:: PROBLEM REQUIREMENTS ::
Give the number of lines in the data below where the string "Brand" occurs, and nothing else.

** DATASET RECORDS follows **

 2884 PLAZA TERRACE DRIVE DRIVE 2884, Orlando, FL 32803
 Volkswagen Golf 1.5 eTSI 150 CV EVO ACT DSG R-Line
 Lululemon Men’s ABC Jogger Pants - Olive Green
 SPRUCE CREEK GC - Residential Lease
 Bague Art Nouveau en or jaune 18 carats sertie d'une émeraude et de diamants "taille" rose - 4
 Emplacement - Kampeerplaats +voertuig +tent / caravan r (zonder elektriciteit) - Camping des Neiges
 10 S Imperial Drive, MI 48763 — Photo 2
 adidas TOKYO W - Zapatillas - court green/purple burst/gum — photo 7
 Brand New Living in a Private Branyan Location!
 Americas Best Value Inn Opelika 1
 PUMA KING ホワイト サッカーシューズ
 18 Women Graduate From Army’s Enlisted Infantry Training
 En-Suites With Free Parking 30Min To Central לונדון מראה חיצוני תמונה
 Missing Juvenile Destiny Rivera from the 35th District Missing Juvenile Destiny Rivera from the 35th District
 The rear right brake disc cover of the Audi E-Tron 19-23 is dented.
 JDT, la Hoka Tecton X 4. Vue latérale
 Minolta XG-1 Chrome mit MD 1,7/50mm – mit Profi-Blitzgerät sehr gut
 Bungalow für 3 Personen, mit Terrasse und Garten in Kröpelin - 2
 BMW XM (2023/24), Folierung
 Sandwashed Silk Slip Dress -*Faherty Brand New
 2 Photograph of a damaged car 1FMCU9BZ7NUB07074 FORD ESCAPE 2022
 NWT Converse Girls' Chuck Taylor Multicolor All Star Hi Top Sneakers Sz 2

** End of DATASET RECORDS **

:: ANSWER AREA ::
2